- **Task statement**
The required output is the exact run of lines in the listing below from the line holding "Great horned owl" through the line holding "A jay looking", with no pictures.

- **Material to process**
========

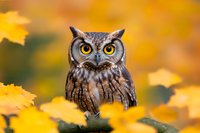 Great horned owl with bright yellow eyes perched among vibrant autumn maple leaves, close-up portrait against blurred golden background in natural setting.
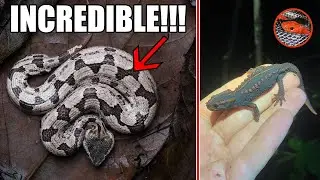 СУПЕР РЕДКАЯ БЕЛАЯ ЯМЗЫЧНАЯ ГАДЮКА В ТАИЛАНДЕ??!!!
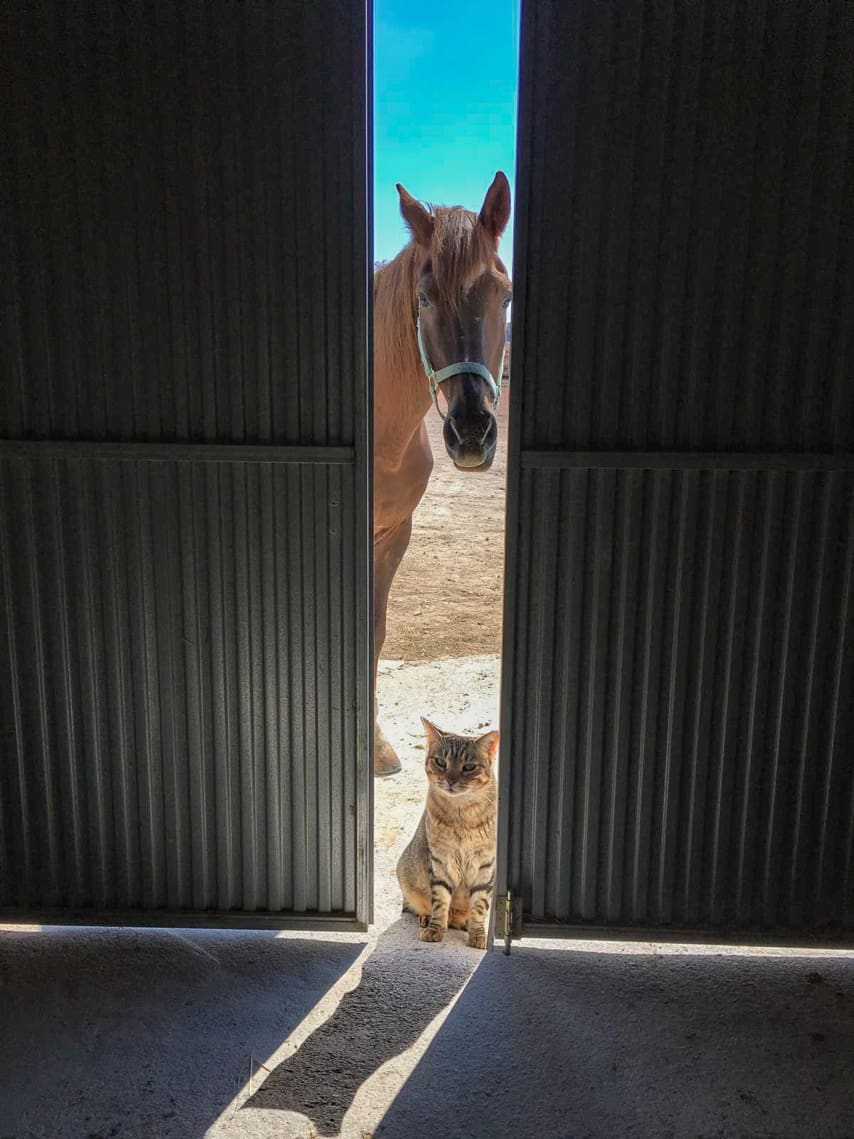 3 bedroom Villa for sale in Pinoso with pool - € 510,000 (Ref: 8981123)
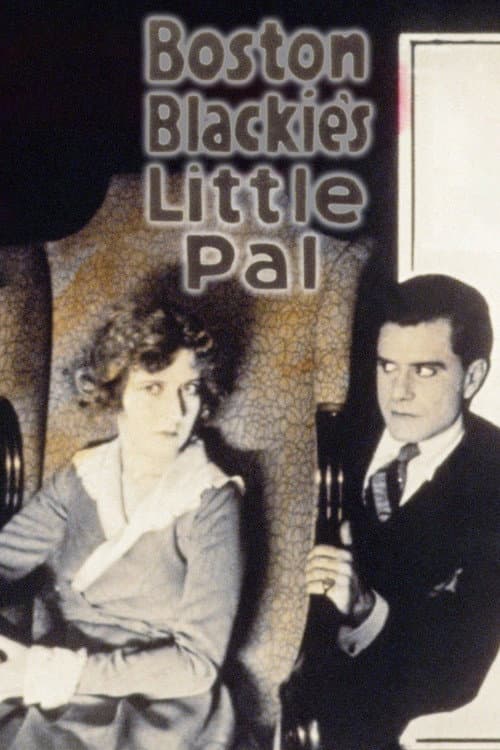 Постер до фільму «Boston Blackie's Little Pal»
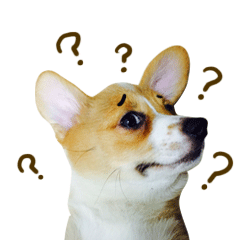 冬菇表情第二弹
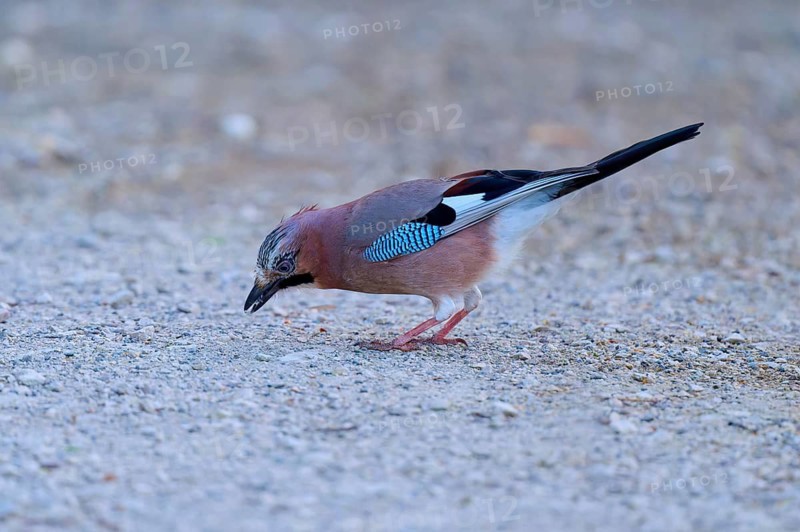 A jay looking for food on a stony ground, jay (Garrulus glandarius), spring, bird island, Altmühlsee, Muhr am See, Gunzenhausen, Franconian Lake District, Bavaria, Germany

========

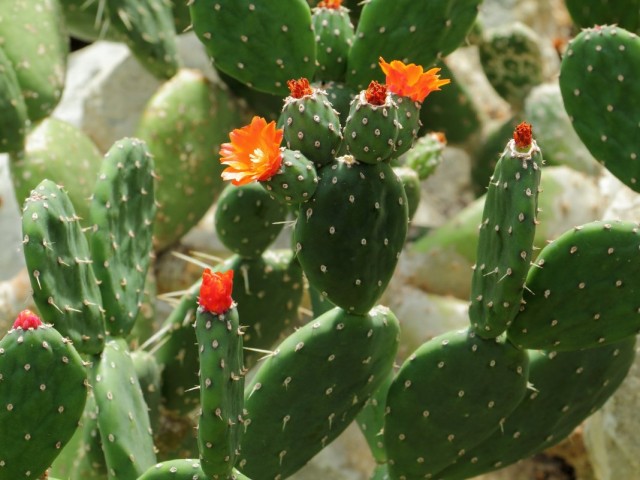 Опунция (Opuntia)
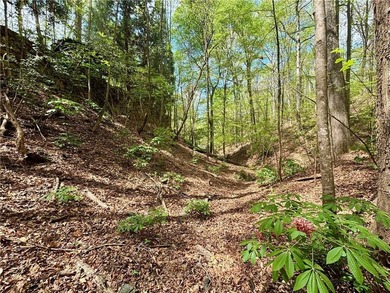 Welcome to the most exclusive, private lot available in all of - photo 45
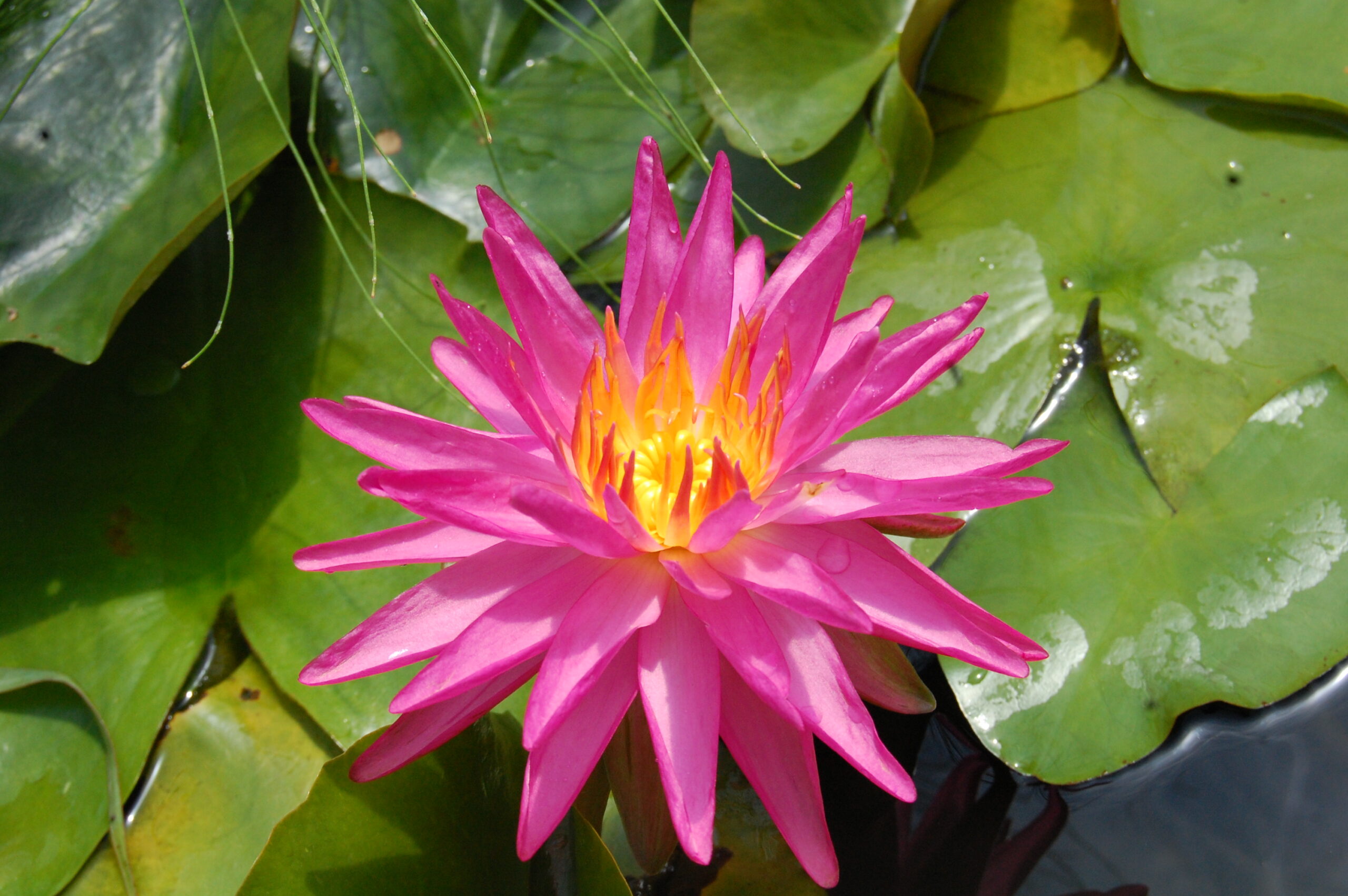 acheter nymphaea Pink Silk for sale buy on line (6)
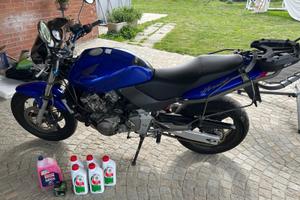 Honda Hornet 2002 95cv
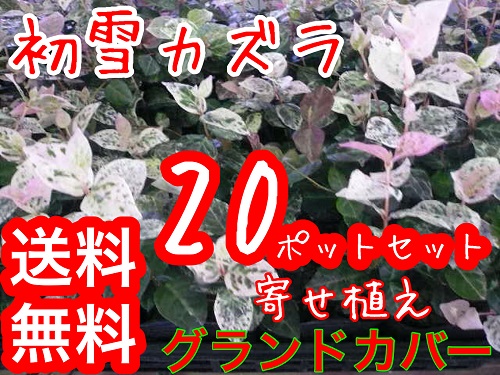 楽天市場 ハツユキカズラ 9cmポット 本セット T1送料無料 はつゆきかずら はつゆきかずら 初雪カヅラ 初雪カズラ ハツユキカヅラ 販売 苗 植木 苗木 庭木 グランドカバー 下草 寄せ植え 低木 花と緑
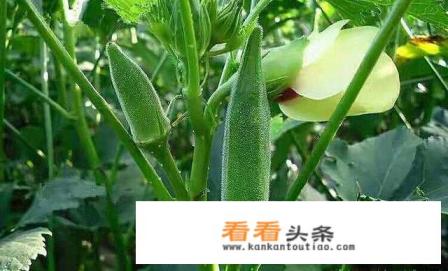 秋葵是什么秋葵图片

========

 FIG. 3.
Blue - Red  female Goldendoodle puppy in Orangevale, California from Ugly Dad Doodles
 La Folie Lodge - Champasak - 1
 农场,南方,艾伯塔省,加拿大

========

- **Problem solution**
 Great horned owl with bright yellow eyes perched among vibrant autumn maple leaves, close-up portrait against blurred golden background in natural setting.
 СУПЕР РЕДКАЯ БЕЛАЯ ЯМЗЫЧНАЯ ГАДЮКА В ТАИЛАНДЕ??!!!
 3 bedroom Villa for sale in Pinoso with pool - € 510,000 (Ref: 8981123)
 Постер до фільму «Boston Blackie's Little Pal»
 冬菇表情第二弹
 A jay looking for food on a stony ground, jay (Garrulus glandarius), spring, bird island, Altmühlsee, Muhr am See, Gunzenhausen, Franconian Lake District, Bavaria, Germany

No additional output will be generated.